Charges Dropped Against Former UNC Tutor - SCACCHoops.com

Charges Dropped Against Former UNC Tutor

by Tarheelblog.com

Posted: 10/2/2014 2:36:23 PM


Posting this because it brings back such wonderful memories. Plus it's a Thursday and there was a time when Doc and I lived in perpetual fear of Thursday since it usually included some form of feces flying into a fan somewhere.

As you might recall, Jennifer Wiley Thompson is the former UNC tutor implicated in the NCAA's final report for giving improper academic assistance to three UNC football players and illicit benefits to former Tar Heel WR Greg Little. Last year, Thompson was charged with violating the North Carolina Uniform Athlete Agents Act along with four others for their role in providing money and gifts to UNC football players. Today, Orange County DA Jim Woodall announced that all charges against Thompson would be dropped.

Via WRAL:

Orange County District Attorney Jim Woodall said Thursday that his office was dropping charges against Jennifer Wiley Thompson, one of the five people accused of violating the state's agent-athlete inducement law in providing gifts and money to football players at the University of North Carolina at Chapel Hill.

It is the latest turn in the four-year investigation by the North Carolina Secretary of State's office, which launched its probe shortly after the NCAA began investigating improper benefits and academic misconduct within the Tar Heels' football program in summer 2010.

Thompson, who faced four felony charges, has been cooperating with the investigation, Woodall said.

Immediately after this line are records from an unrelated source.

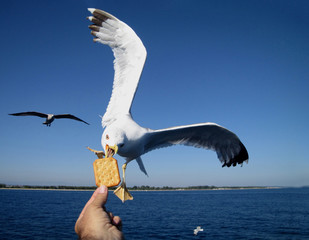 Saegull feeding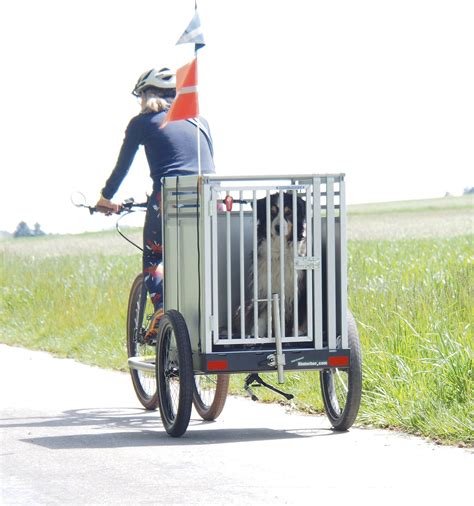 Fahrradanhänger Hund mieten leihen Petego Comfort Wagon L in Nordrhein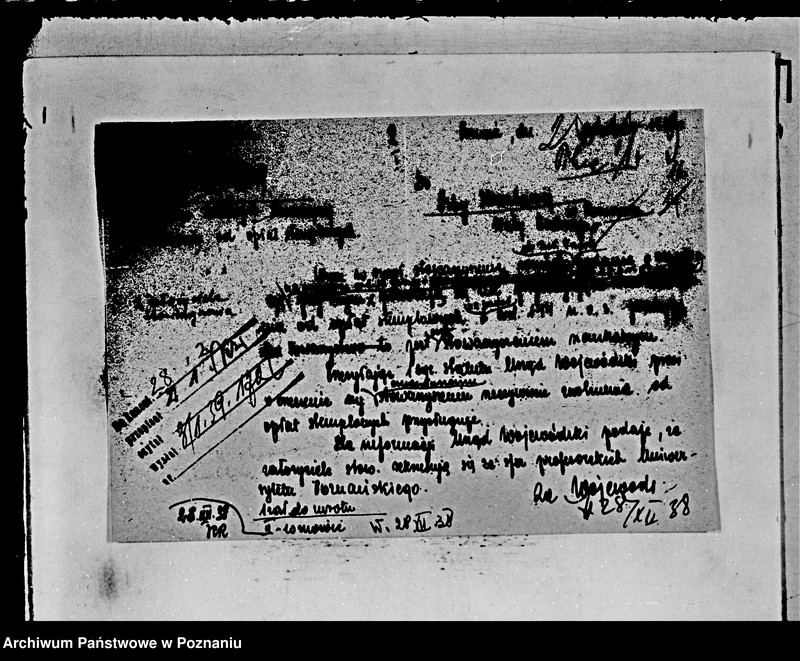 Obraz 18 z jednostki "/Towarzystwo Krzewienia Zasad Życia i Gospodarki zgodnie z Przyrodą w Poznaniu/"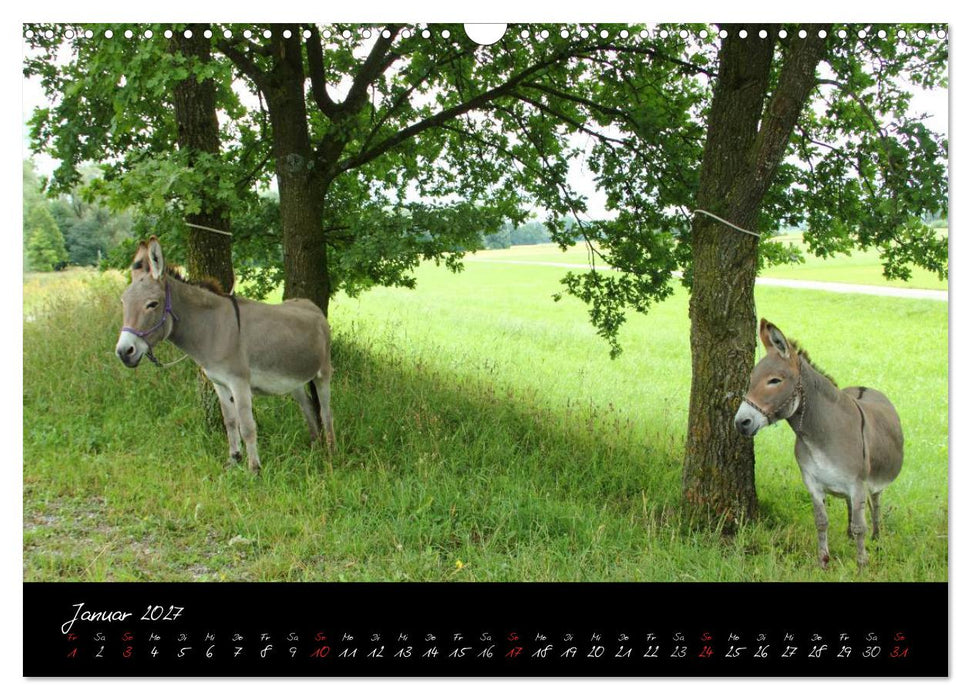 Esel - liebenswerte Langohren (CALVENDO Wandkalender 2027)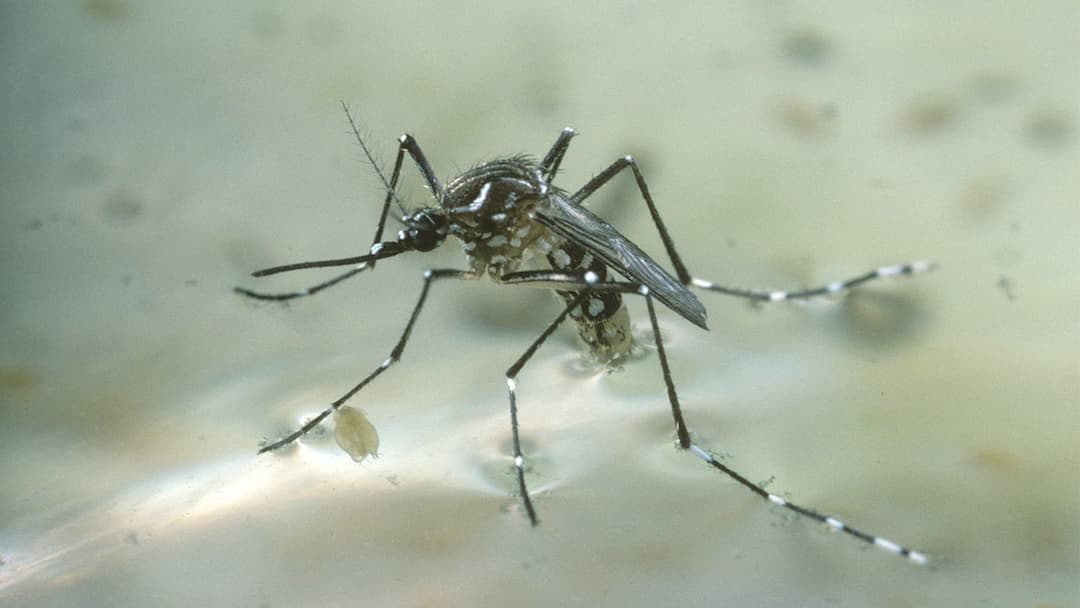 Loài muỗi Aedes (muỗi hoa) - Các loại muỗi thường gặp ở Việt Nam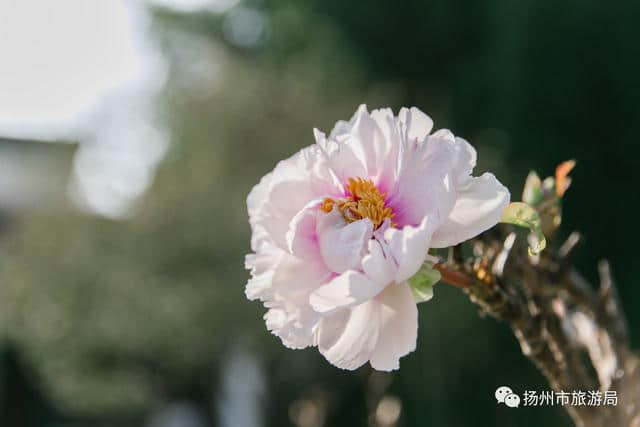 五月百花之王竟在初冬何园绽放！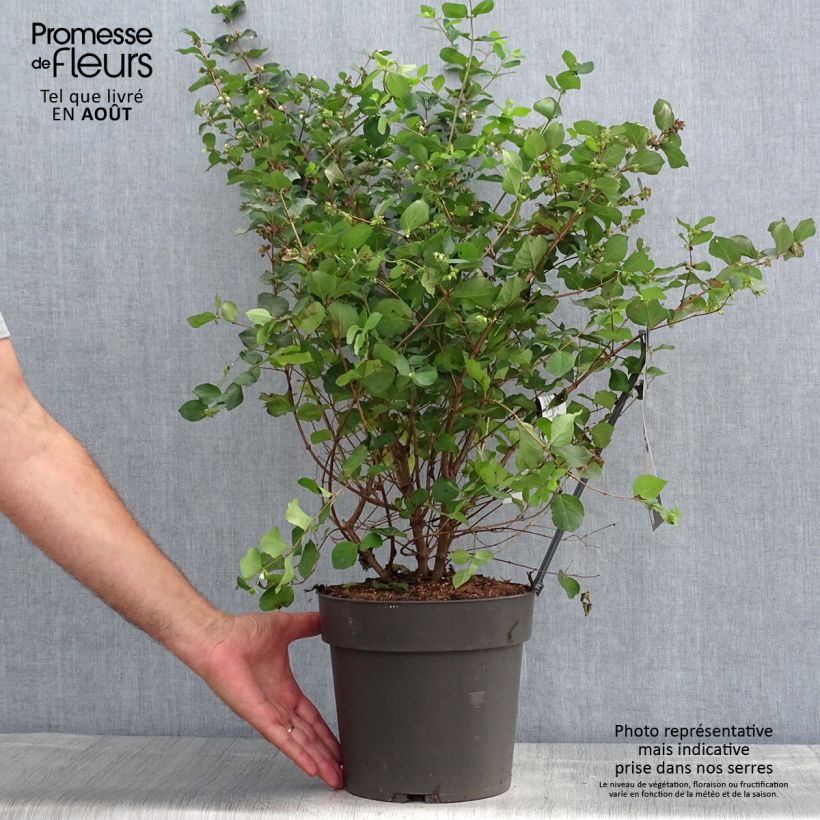 Spécimen de Symphorine - Symphoricarpos orbiculatus Symphony Rumble Pot de 4L/5L tel que livré en été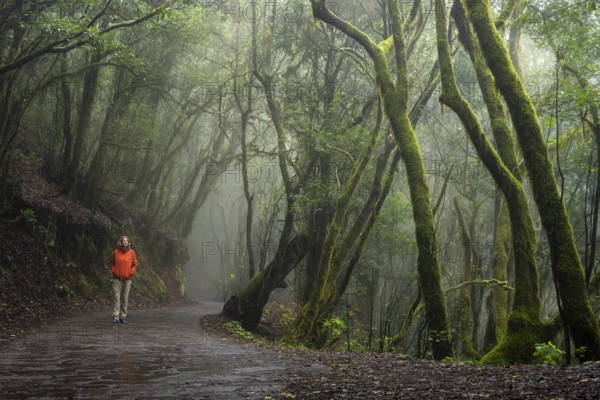 A hiker on a hiking trail in the cloud forest. Laurel trees with moss and lichen. Foggy weather.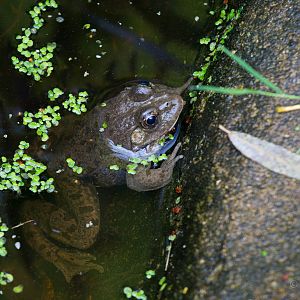 Marsh frog : Wildwood : 16 Oct 2014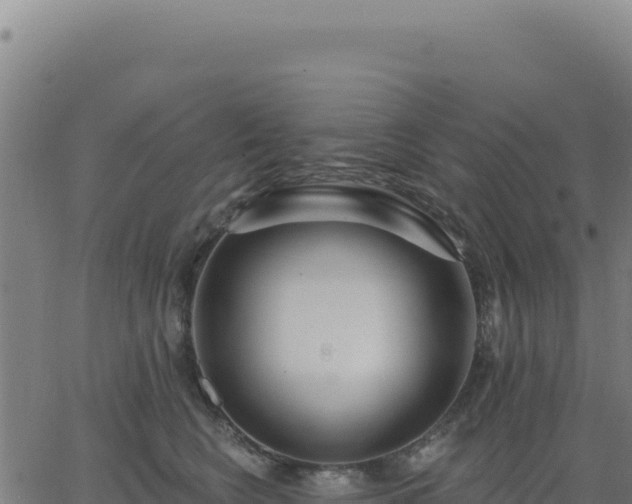 X0000062860566200601201732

This is, more or less, another of the last gasps of breath in the long running saga of UNC scandals. In fact the indictments for the agent-athlete inducement law have been a rehashing of issues covered by the original NCAA investigation into UNC football. Thompson and four others were indicted last year for their roles in the improper benefits that led to a bowl ban, three years probation and the loss of 15 scholarships for the football program. In some cases the details of the indictments found more extensive improper benefits than the NCAA discovered but involving the same players the NCAA penalized.

As Woodall indicates in the WRAL story, Thompson has been cooperating which may have been the goal in charging her in the first place. It also was a weak case not to mention convicting Thompson didn't seem to serve any real purpose other than further ruin Thompson's life over something rather trivial. Thompson wasn't some sleazy runner working for an agent. She was someone who had a relationship with UNC football players. Other people exploited that relationship for their own purposes. At the same time, Thompson herself made some bad decisions within the context of those relationships. In short, she's probably suffered enough, especially given the damage to her reputation.

Of course this news won't be greeted with smiles by everyone. The lunatic fringe ABCers will no doubt scream conspiracy at the top of their collective lungs. There were high hopes in this case and in the case against former AFAM department head Julius Nyang'oro that a trial would pull back the curtain on more of UNC's foul and wretched deeds. After all Thompson was Butch Davis' nanny at one point so I'm sure she has all sorts of sordid tales about Davis hosting keggers and handing out Rolexes to players while Thompson supervised a team of tutors to do the players' class work for them. Or did they even have class work because they were in those fraudulent classes?

I honestly can't keep up at this point.